What is your favorite memory from your time at OC?
Some of my favorite memories during my time teaching at OC include directing the Chamber Singers in concerts in Chicago at Holy Name Cathedral and at St. Michael’s Cathedral in Toronto and in Stratford, Ontario. Also, I enjoyed directing musical productions at the Oaks Theatre, including “Godspell,” “You’re A Good Man, Charlie Brown,” and “I Love You, You’re Perfect, Now Change.” These times gave me many opportunities to work with students outside the classroom and in completely different roles.
Where do your passions for teaching and music stem from?
My passion for music came from my mother who is a classically trained pianist and singer and who instilled in me a love for music from the time I was a child. My passion for teaching came from two of my undergraduate music history teachers: Sam di Bonaventura, who studied at Yale with Paul Hindemith and Walter Piston, and Tom Brawley who was one of the most dynamic teachers I had in my formative years. Both of these men not only taught from the wealth of knowledge they obtained, but from personal experience, too. Great musicians such as Vincent Persichetti and Walter Piston were family friends of Dr. Sam and stories about their work and friendship brought music history to life. Dr. Brawley’s time teaching in Germany also provided his students with unique views of teaching and music culture. In addition they were both great pedagogues; not because they employed cutting-edge techniques or applied buzzwords and textbook strategies, but because they were passionate about their field and they could instill that into their students. These were the people who made me want to be a teacher.
What is your teaching style like?
I like to engage students in classroom discussion and challenge them to think about music in new ways.
Why do you encourage students to attend OC?
I encourage students to join us at Olivet because of its family-like atmosphere and tight-knit community. I think that this is the key to success for many of our students. Leaving home for school can be difficult, if not traumatic, and having a strong support group of faculty, staff and other students is invaluable. I know that Olivet provides that for students.

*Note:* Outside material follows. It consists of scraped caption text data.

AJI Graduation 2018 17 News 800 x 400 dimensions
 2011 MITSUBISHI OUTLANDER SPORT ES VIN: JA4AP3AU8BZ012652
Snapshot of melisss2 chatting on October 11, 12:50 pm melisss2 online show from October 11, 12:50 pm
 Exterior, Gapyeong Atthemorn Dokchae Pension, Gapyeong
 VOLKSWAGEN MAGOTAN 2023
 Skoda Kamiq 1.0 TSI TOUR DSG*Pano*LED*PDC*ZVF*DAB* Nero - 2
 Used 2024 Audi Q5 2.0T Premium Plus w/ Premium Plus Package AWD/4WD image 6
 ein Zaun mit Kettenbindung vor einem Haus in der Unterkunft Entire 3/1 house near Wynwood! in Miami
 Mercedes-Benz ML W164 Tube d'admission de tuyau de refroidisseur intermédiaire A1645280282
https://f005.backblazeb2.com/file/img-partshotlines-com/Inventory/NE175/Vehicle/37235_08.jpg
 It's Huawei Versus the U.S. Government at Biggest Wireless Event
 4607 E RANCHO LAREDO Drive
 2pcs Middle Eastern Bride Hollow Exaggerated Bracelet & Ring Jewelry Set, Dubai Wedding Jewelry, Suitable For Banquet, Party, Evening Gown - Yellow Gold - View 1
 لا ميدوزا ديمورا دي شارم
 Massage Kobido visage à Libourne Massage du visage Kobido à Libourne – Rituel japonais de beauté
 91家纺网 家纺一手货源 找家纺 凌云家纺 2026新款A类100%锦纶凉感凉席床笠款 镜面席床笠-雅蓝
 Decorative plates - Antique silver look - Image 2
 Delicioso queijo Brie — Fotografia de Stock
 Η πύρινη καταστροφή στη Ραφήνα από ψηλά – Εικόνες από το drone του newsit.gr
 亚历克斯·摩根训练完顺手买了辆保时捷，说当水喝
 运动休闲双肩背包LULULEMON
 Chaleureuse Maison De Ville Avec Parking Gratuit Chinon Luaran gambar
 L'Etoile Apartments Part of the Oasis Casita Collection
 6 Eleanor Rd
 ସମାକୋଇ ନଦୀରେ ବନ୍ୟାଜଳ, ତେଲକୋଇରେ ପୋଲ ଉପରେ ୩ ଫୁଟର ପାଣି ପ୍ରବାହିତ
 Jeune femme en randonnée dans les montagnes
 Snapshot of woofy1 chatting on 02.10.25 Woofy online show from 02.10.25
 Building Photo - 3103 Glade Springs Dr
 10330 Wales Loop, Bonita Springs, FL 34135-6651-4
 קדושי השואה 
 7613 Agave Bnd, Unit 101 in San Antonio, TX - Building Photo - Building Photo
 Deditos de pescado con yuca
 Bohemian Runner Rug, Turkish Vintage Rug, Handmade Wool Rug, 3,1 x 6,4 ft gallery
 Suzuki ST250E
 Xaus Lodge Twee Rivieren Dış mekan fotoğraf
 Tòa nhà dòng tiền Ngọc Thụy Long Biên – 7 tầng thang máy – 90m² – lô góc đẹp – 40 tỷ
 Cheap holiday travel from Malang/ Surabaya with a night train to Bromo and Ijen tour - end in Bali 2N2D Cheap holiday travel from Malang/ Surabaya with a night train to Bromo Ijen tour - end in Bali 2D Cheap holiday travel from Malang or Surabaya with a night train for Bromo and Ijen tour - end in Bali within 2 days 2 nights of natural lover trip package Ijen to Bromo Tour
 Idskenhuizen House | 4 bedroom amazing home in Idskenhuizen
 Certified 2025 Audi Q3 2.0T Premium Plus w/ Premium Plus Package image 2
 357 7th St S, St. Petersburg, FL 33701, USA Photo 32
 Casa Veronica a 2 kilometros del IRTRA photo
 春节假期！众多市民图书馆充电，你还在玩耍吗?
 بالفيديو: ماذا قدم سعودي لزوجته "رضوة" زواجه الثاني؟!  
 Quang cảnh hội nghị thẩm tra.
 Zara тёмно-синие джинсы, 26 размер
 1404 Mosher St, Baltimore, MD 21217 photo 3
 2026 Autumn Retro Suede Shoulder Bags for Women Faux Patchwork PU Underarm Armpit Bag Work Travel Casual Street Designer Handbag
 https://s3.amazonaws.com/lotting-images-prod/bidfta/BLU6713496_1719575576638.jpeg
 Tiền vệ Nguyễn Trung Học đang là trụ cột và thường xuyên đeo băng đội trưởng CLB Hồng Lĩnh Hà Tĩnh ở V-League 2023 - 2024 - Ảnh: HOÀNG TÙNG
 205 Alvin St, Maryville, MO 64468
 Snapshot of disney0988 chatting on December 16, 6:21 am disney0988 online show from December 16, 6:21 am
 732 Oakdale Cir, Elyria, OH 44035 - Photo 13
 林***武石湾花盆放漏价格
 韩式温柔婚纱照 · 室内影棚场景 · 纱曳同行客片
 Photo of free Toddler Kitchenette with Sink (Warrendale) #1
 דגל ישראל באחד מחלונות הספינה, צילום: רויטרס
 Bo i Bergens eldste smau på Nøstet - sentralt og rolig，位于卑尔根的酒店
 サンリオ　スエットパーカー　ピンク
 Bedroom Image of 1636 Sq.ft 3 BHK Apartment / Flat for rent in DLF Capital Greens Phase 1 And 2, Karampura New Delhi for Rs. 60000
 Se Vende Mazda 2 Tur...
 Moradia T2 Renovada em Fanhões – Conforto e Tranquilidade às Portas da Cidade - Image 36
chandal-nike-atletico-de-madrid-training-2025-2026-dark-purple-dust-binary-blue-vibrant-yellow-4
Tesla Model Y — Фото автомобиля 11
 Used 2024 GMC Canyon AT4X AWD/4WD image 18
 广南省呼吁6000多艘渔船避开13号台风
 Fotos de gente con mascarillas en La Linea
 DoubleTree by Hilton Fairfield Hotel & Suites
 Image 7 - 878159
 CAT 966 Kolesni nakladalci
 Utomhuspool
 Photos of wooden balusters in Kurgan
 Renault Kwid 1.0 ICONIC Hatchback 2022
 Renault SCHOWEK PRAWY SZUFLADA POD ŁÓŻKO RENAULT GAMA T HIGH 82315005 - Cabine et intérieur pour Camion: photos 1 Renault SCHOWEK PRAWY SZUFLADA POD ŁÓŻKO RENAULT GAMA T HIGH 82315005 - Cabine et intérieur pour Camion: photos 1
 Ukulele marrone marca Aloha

What advice do you share with alumni?
Stay connected; keep in touch after graduation and come visit us! I hear regularly from some of the more recent alumni (from 2008 to the present) as well as some of the students in the first class I taught in 2002! It’s great to remain in relationships with these wonderful people. We do love to hear from you!
What is an interesting or little-known fact about you?
I am a lay preacher in the Episcopal Diocese of Michigan. I also have had two books published as a result of my research on Camille Saint-Saëns and Charles Gounod, and a third one on César Franck will be coming out this year.